McQuown recognized this life-changing moment at the time: "I thought, all of a sudden a door had opened up, on the other side of which was understanding and study that I'd never encountered. I was looking for an understanding in finance that was consistent with the learning that I had been exposed to in engineering. And it wasn't there. And all of a sudden I'm at Chicago and there's a whole bunch of guys asking all kinds of questions and collecting all kinds of data and actually investigating what's going on. I mean - wow. Right?"
Although he didn't know it, another wow moment was snapping at his heels.

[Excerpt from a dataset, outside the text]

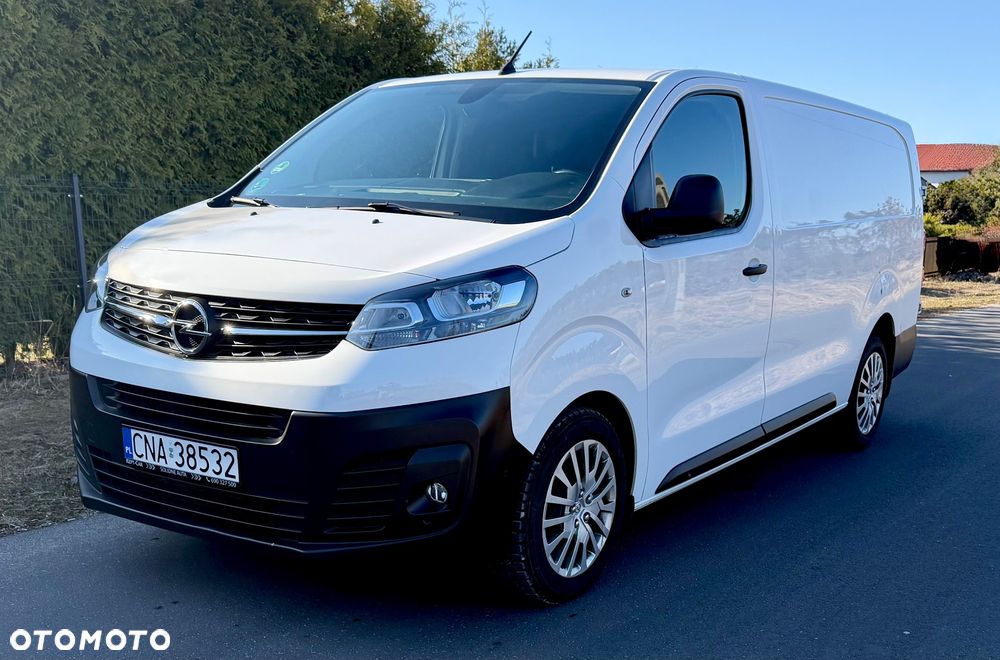 Opel Vivaro - 1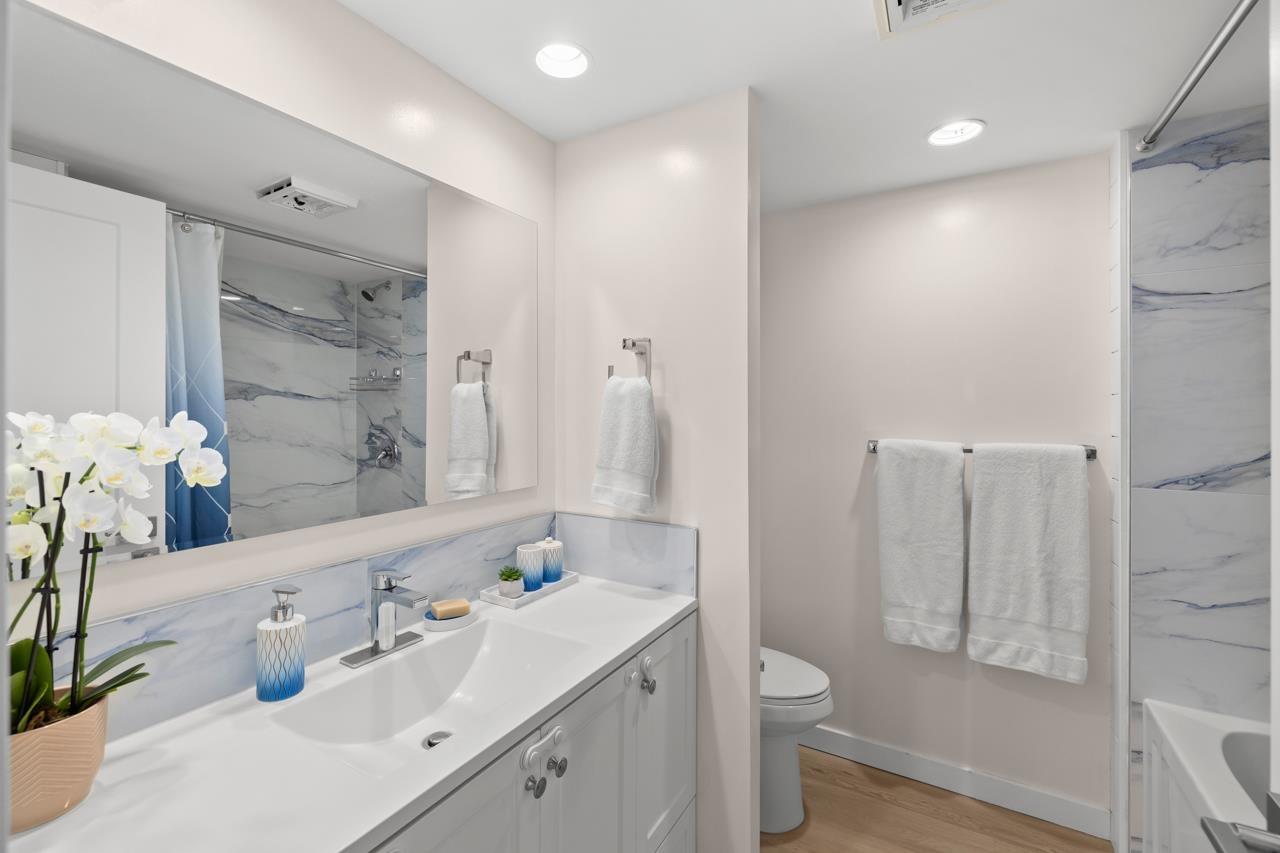 201 1480 Foster Street, White Rock, British Columbia  V4B 3X7 - Photo 23 - R3104453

IBM - whose computer McQuown was renting - asked him to speak with a group of executives at their training facility in San Jose, California, on the application of analytics to finance. In that audience was then-president of Wells Fargo, Ransom Cook. Cook, whose successor, Dick Cooley, became equally supportive of McQuown's project, "was very skeptical about what was going on in the Trust Department. They were skeptical about corporate lending. They were skeptical about the economics of branch banking. They wanted it examined—and were willing to put a number of cherished banking/investment beliefs to the analytical blade.
"Ransom had the wisdom of realizing that loans and deposits are quite insufficient products for an expensive bank branching system. He needed a more diverse product suite. Second, he was very skeptical about brokers and he was also very skeptical about investment performance. He wanted somebody independent, who wasn’t afraid to ask tough questions,” McQuown explains in hindsight.
“Cook said to himself, ‘Do you know what? We’re spending cajillions of dollars on computers. It’s the fastest-growing expense in the bank, and all we’re doing are the same things that we used to be doing with punch cards and people with green eyeshades and armbands. We’ve got computers full of data, but we’re not doing anything with it except mailing out customer statements, and miscellaneous other kinds of things.’ He was really committed to making sense out of his computers and making them work for him.”
Though McQuown didn’t know it, he was about to become the eye of a perfect storm.
After the speech, Cook approached McQuown and, within one day, offered him a job. Understandably, Mac - who had a wife, a career, and a PhD program on the go back East - was “kind of flabbergasted” and asked for time to think about it.
He didn’t have long to consider it. About 10 days later, Cook was on the phone again. A few vacation days after that, the two met in California.
“He said, ‘I want you to come work here. And money is not going to be a problem,” says McQuown.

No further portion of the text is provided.